The workers were allowed back into the plant after almost an hour when the radiation levels had fallen.
Japan's chief government spokesman said it was "not realistic" to think the Daiichi nuclear plant in Fukushima, 240 kms (150 miles) north of Tokyo, would reach the start of a nuclear chain reaction, but said officials were talking to the U.S. military about possible help.
While public broadcaster NHK said flames were no longer visible at the building housing the No.4 reactor of the plant, TV pictures showed smoke or steam rising from the facility around 0100 GMT.
Academics and nuclear experts agree that the solutions being proposed to contain damage to the reactors are last-ditch efforts to stem what could well be remembered as one of the world's worst industrial disasters.
"This is a slow-moving nightmare," said Dr Thomas Neff, a research affiliate at the Center for International Studies, which is part of the Massachusetts Institute of Technology.
Concern had earlier been mounting that the skeleton crews dealing with the crisis might not be big enough, or were possibly exhausted after working for days since last Friday's massive earthquake damaged the facility. Authorities had withdrawn 750 workers on Tuesday, leaving only 50.
The plight of hundreds of thousands left homeless by the quake and devastating tsunami that followed worsened overnight following a cold snap that brought snow to some of the worst-affected areas.
While the official death toll stands at around 4,000, more than 7,000 are listed as missing and the figure is expected to rise.
In the first hint of international frustration at the pace of updates from Japan, Yukiya Amano, director general of the International Atomic Energy Agency, said he wanted more timely and detailed information.
"We do not have all the details of the information so what we can do is limited," Amano told a news conference in Vienna. "I am trying to further improve the communication."

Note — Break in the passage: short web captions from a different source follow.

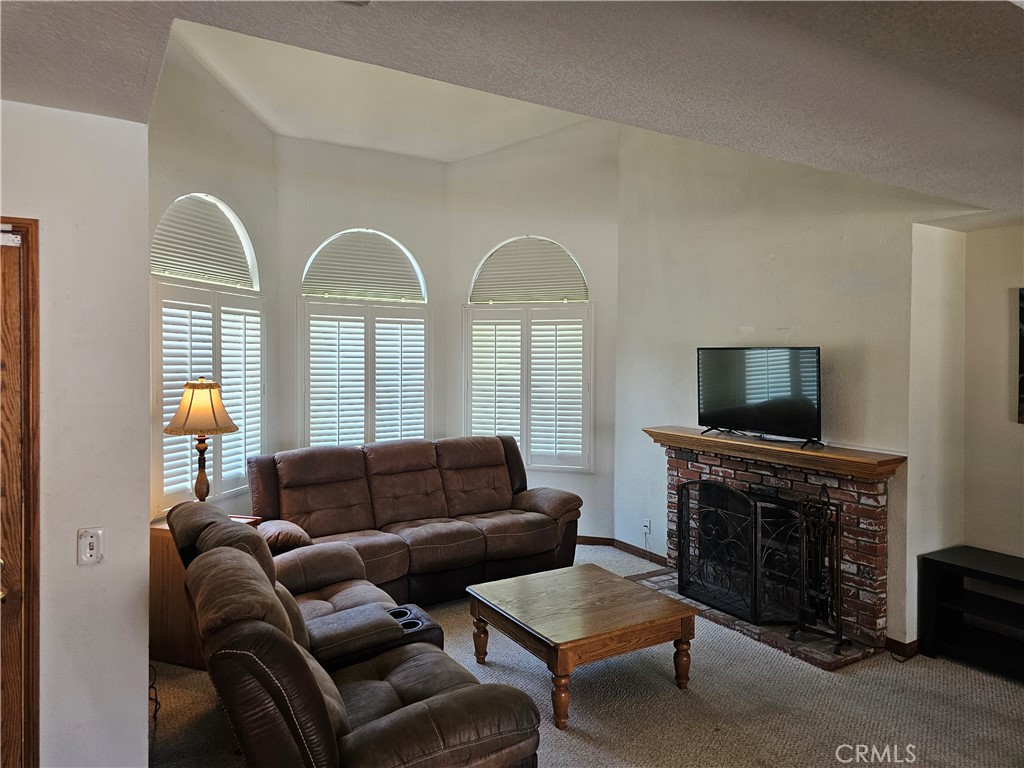 29272 Poppy Meadow Property Photo 6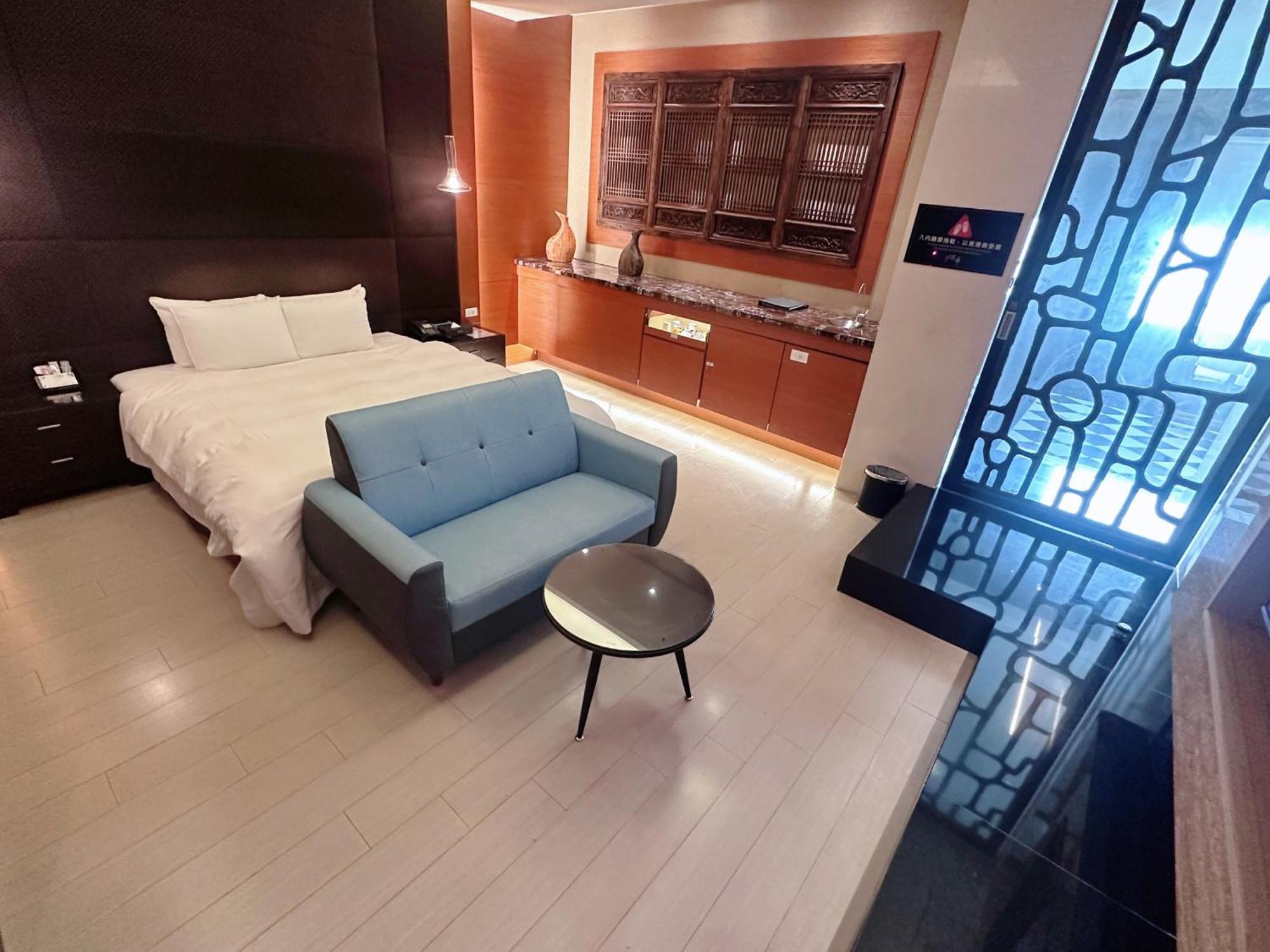 Orient Luxury Villa Motel Huvej Kültér fotó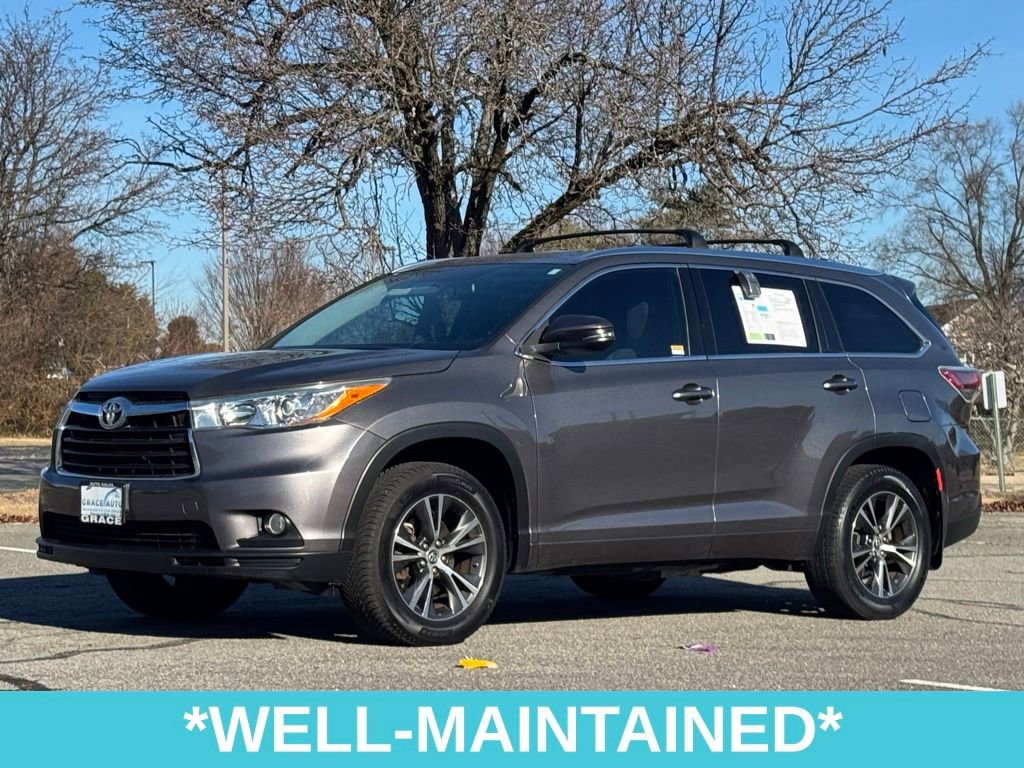 Used 2016 Toyota Highlander XLE image 3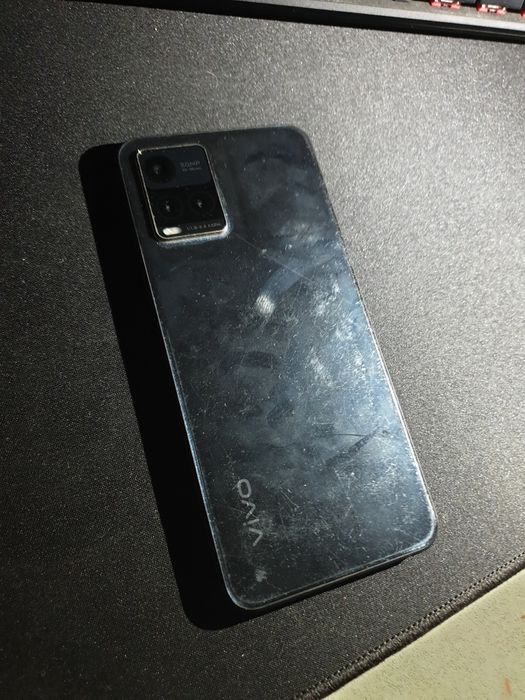 Vivo Y33s, телефон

Several experts said that Japanese authorities were underplaying the severity of the incident, particularly on a scale called INES used to rank nuclear incidents. The Japanese have so far rated the accident a four on a one-to-seven scale, but that rating was issued on Saturday and since then the situation has worsened dramatically.
France's nuclear safety authority ASN said Tuesday it should be classed as a level-six incident.
Japanese Prime Minister Naoto Kan on Tuesday urged people within 30 km (18 miles) of the facility -- a population of 140,000 -- to remain indoors, as authorities grappled with the world's most serious nuclear accident since the Chernobyl disaster in Ukraine in 1986.